Surely those words of introduction, and the content of "One Time Harvest" by Mike Jacobs are some of the most important words ever written about North Dakota. There are not a lot of copies of “One Time Harvest” around, although I’d bet many North Dakota libraries have one. It was poorly bound, and I have two copies that are in pieces, as well as a pretty good one I found at a rummage sale a few years ago. It is pleasantly designed, and illustrated with drawings and photos by a couple of young North Dakotans Jacobs encountered along the way, Kari Armstrong and Clay Jenkinson. As we’ve moved from the last quarter of the 20th century to the first quarter of the 21st century, and from coal development to oil development, I think we have to be constantly vigilant, and learn from development mistakes of the past. Unfortunately, I don’t see another North Dakotan out there as articulate as young Mike Jacobs, to caution us along the way. But many of the lessons learned and the laws passed in the 1970’s are serving us well today. I ran into an oil patch county commissioner last weekend, and during our visit about what’s going on out there, he said “This is going to be one wild summer.” More about that later.

1 comment:

fred schumacher said...

There are no governors left who will bus your dishes, like Art Link did, when you have a talk with him in the capitol lunch room and the staff has left for the day.
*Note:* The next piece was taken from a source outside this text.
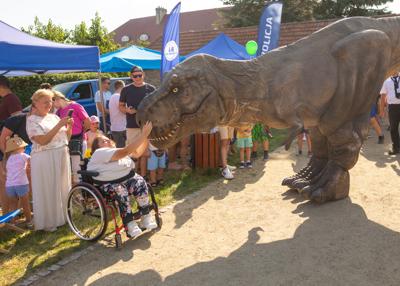 Na zdjęciu widać Dinozaura Rexa w tle mieszkańców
That kind of care and carefulness resulted in our spoil banks being returned in the order they came out and the surface reestablished with prairie. Because of the EPA, we no longer accept smoggy skies as normal. But today's grade of politicians is more of a throwback to the days of Boss McKenzie. "Let her rip boys. There's nothing here but money and the faster you get it out the better." But there's always a comeuppance. Out of seeming nowhere comes an oil price crash, and the demigods return to being mere mortals.